→ **TASK DIRECTIONS**: Of all the lines below, return only those starting with the line holding "View Large Photo" and going on through the line holding "Hermosa doctora sosteniendo", exactly as written.

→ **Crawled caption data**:
-*-*-

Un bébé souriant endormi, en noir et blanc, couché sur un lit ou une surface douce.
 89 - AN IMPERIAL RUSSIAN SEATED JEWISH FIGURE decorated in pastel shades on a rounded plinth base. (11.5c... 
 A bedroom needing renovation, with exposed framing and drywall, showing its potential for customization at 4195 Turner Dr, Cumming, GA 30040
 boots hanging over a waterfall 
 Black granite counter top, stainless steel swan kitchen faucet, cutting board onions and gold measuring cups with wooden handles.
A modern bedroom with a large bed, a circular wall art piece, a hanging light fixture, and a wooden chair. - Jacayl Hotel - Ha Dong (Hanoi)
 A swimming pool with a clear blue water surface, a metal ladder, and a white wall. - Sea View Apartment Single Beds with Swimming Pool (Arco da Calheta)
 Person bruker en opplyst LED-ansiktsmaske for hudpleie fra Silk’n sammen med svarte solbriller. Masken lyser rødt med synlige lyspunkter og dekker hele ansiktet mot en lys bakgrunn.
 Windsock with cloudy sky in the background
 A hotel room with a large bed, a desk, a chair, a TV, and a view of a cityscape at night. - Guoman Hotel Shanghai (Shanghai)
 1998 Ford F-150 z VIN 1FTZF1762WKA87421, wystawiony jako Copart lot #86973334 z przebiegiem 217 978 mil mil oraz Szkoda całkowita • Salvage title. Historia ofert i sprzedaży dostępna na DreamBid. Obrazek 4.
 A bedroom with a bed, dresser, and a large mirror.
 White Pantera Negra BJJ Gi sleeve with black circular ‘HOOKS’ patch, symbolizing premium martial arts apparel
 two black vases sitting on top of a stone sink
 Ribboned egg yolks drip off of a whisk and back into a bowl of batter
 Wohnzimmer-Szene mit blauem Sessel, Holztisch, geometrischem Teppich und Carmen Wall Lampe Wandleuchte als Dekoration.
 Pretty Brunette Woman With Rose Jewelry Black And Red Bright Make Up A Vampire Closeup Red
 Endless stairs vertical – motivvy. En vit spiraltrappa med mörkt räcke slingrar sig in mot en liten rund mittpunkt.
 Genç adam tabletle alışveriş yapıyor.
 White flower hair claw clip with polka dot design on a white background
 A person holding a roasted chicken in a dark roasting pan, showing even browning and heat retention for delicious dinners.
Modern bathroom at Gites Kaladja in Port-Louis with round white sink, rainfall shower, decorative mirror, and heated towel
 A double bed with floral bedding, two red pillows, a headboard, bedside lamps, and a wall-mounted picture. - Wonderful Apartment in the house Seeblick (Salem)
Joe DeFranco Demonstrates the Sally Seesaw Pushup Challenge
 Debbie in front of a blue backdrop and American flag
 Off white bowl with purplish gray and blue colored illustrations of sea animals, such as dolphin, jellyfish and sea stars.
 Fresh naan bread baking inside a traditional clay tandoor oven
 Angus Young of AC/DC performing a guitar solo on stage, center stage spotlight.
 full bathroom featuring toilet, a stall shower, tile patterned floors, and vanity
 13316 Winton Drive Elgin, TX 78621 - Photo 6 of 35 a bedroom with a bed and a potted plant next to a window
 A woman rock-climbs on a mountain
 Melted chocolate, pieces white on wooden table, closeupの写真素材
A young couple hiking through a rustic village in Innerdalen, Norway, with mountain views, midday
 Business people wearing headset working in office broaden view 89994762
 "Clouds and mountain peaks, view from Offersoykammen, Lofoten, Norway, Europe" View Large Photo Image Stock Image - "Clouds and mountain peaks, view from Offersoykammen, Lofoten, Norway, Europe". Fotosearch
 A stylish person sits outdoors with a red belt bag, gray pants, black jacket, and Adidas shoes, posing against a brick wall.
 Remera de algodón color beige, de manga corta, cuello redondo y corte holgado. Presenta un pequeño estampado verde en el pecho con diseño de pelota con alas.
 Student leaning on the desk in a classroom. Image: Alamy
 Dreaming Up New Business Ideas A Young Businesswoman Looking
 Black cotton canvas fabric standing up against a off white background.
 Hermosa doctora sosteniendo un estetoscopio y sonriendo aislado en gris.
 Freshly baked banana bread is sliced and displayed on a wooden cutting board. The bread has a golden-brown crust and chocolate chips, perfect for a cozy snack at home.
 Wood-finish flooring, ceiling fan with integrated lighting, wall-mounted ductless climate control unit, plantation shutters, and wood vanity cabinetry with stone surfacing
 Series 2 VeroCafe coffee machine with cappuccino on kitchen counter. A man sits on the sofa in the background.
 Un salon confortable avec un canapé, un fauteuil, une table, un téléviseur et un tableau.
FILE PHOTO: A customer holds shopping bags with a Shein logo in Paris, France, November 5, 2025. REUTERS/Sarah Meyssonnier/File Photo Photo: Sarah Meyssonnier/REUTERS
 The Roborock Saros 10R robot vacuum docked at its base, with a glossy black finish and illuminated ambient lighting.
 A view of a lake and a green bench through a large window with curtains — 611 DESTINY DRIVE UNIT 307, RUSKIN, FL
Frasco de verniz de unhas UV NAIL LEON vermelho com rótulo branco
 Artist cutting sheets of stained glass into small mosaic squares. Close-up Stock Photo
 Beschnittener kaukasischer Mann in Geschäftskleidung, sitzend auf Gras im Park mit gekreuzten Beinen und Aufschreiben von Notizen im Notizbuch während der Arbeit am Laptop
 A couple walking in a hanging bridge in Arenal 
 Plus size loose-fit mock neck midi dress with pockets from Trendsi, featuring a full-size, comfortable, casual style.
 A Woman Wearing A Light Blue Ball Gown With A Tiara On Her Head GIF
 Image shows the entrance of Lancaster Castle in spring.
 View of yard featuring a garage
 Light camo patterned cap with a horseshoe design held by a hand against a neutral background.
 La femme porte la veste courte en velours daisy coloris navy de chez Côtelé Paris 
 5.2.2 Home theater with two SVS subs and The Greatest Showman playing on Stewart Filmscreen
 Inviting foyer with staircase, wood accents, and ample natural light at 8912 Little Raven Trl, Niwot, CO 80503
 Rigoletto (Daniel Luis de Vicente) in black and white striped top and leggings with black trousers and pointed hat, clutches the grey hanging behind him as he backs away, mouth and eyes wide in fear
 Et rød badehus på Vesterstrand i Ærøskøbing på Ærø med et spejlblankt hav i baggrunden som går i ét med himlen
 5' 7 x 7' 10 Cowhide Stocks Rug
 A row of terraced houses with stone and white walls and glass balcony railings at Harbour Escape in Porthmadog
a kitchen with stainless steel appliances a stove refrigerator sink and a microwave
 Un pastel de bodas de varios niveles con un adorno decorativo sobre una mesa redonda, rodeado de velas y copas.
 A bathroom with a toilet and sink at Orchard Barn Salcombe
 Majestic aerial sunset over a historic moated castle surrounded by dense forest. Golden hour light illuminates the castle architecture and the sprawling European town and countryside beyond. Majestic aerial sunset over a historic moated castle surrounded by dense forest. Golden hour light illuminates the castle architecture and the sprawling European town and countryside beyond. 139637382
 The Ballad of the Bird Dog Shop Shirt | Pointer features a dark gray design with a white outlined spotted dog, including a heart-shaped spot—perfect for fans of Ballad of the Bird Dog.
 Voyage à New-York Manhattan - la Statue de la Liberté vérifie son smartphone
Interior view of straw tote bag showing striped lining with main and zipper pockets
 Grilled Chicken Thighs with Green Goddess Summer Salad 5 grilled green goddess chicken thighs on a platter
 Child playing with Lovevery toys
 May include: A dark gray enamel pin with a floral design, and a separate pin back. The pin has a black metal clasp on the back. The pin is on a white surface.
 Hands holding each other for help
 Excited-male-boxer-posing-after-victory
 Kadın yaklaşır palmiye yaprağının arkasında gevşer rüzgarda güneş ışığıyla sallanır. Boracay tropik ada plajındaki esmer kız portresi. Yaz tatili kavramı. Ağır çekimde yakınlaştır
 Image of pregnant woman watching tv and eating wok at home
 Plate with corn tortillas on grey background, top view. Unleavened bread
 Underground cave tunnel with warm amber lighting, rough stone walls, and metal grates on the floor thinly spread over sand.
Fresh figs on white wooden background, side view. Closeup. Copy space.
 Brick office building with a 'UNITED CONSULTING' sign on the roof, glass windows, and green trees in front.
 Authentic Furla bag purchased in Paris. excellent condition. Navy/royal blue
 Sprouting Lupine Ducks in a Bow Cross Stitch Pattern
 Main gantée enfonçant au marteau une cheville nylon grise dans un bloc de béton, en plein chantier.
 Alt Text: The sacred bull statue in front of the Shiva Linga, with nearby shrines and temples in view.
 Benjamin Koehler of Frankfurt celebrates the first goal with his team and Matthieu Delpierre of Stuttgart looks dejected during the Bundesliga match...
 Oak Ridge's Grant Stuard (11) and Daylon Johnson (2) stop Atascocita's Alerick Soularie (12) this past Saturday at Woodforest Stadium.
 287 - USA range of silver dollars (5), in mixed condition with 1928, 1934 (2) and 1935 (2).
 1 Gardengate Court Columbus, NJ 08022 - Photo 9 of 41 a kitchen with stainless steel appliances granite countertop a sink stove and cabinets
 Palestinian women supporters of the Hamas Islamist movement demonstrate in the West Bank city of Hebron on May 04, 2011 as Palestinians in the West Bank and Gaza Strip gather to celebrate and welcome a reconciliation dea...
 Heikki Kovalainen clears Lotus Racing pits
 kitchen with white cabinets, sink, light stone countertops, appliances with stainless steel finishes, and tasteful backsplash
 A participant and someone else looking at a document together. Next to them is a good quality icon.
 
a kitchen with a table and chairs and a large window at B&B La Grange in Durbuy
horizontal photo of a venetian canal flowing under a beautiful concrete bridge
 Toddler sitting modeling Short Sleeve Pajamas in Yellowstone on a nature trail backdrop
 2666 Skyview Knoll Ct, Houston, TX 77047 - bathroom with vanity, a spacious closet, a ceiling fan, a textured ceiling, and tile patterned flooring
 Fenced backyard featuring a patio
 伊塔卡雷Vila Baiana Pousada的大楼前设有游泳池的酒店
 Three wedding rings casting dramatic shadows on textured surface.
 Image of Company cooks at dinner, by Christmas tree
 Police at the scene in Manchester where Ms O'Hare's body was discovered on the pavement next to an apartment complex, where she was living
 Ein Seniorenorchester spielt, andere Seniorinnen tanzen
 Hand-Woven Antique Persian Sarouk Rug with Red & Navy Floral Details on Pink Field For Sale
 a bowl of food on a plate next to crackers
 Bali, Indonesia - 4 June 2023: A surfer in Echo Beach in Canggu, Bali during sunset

-*-*-

→ **REPLY**:
 "Clouds and mountain peaks, view from Offersoykammen, Lofoten, Norway, Europe" View Large Photo Image Stock Image - "Clouds and mountain peaks, view from Offersoykammen, Lofoten, Norway, Europe". Fotosearch
 A stylish person sits outdoors with a red belt bag, gray pants, black jacket, and Adidas shoes, posing against a brick wall.
 Remera de algodón color beige, de manga corta, cuello redondo y corte holgado. Presenta un pequeño estampado verde en el pecho con diseño de pelota con alas.
 Student leaning on the desk in a classroom. Image: Alamy
 Dreaming Up New Business Ideas A Young Businesswoman Looking
 Black cotton canvas fabric standing up against a off white background.
 Hermosa doctora sosteniendo un estetoscopio y sonriendo aislado en gris.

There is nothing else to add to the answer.